Third National Bank of St. Louis v. Reichert

Decision Date31 March 1903
Citation73 S.W. 893,101 Mo.App. 242
PartiesTHIRD NATIONAL BANK OF ST. LOUIS, Respondent, v. W. J. REICHERT, Appellant
CourtMissouri Court of Appeals

Appeal from St. Louis City Circuit Court.--Hon. O'Neill Ryan Judge.

AFFIRMED.

Judgment affirmed.

Turner & Holder and Frank E. Richey for appellant.

(1) Under the uncontradicted evidence in the case the plaintiff was not a bona fide holder for value and before maturity of the note sued on, so as to preclude the defense of a want of consideration. (2) The note sued on was transferred, i. e both indorsed and delivered, to the plaintiff, after the maturity of the note, and the plaintiff therefore holds it subject to all defenses that could have been set up as against the transferrer. Kellogg v. Schnaake, 56 Mo 136; Lee v. Turner, 15 Mo.App. 205; Julian v. Calkins, 85 Mo. 202; Turner v. Hoyle, 95 Mo. 337. (3) The uncontradicted evidence establishes the defense that there was no consideration for the original note of which the note sued on was a renewal note, and the original note having been given without any consideration, the renewal note was without consideration. Comings v. Leedy, 114 Mo. 454; Twile v. Sargent, 63 Minn. 218; Bank v. Barmann, 124 Ill. 200; Tiedeman on Com. Paper, sec. 180; 1 Daniel on Neg. Inst. (3 Ed.), secs. 179, 205, 206.

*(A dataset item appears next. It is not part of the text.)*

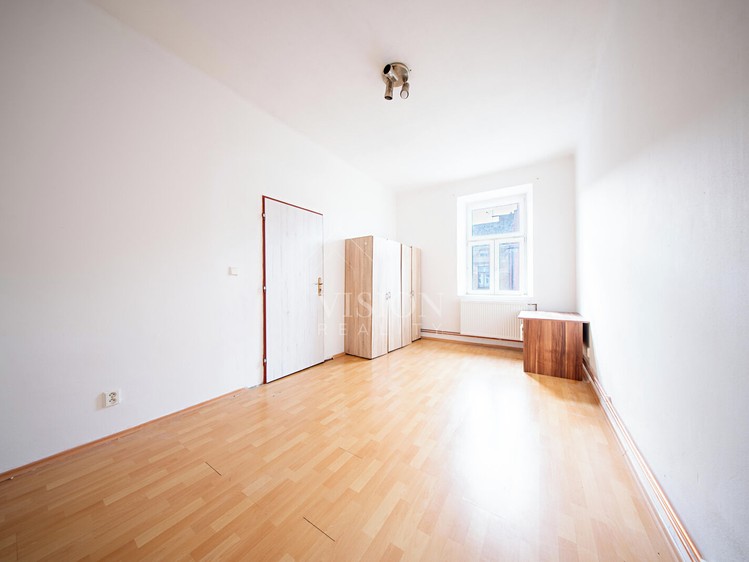 Квартира 4+1 в оренду, 72 м² (5 з 12)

Dawson & Garvin for respondent.

(1) A failure or want of consideration may be shown under the Missouri law (R. S. 1899, sec. 645). Where such defects of consideration appears, it of course destroys the obligation or promise to pay which the note contains. But testimony of a want of consideration is quite different in legal effect from proof which undertakes to defeat such an instrument by some agreement in conflict with its other terms. The latter testimony is not competent of itself, nor is evidence to show a condition (in the nature of a defeasance) not expressed in the instrument admissible to defeat its purpose. Jones v. Jeffries, 17 Mo. 577; Smith's Adm's. v. Thomas, 29 Mo. 307; Massmann v. Holscher, 49 Mo. 87; Rodney v. Wilson, 67 Mo. 123; 29 Amer. Rep. 499. (2) The plaintiff in this case is the indorsee or assignee of a negotiable promissory note, perhaps before maturity, and certainly for full value without knowledge of any condition. (3) We cite the following cases to the general proposition that the judgment in this case is for the right party and should be affirmed: Bank v. Graham, 74 Mo.App. 251; Jennings v. Todd, 118 Mo. 296; Bank v. Pikin, 66 Mo.App. 592; Hurt v. Ford, 142 Mo. 283; Barnes v. McMullens, 78 Mo. 260.

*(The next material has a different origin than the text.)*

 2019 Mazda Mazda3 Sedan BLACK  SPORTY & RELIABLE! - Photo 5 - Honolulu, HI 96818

GOODE, J. Bland, P. J., and Reyburn, J., concur.

OPINION

GOODE, J.

--Action on a negotiable promissory note for $ 2,750, executed by the appellant to the Chemical National Bank of St. Louis, on the thirteenth day of August, 1896, due six months after date and given in renewal of a previous note for the same amount on February 10, 1896. The petition avers that the instrument in suit was indorsed and delivered by the Chemical National Bank to the respondent, the Third National Bank of St. Louis, for value and before maturity, while the answer avers that the appellant received no consideration for the note, and that, in fact, there was no consideration for it; further, that the respondent was not a purchaser in good faith before maturity but came into possession of the note long after it was due and otherwise than by purchase.

Complaint is made of the refusal of certain declarations of law by the circuit court; but the declarations need not be recited because we think no defense to the respondent's case was shown and that the judgment was for the right party.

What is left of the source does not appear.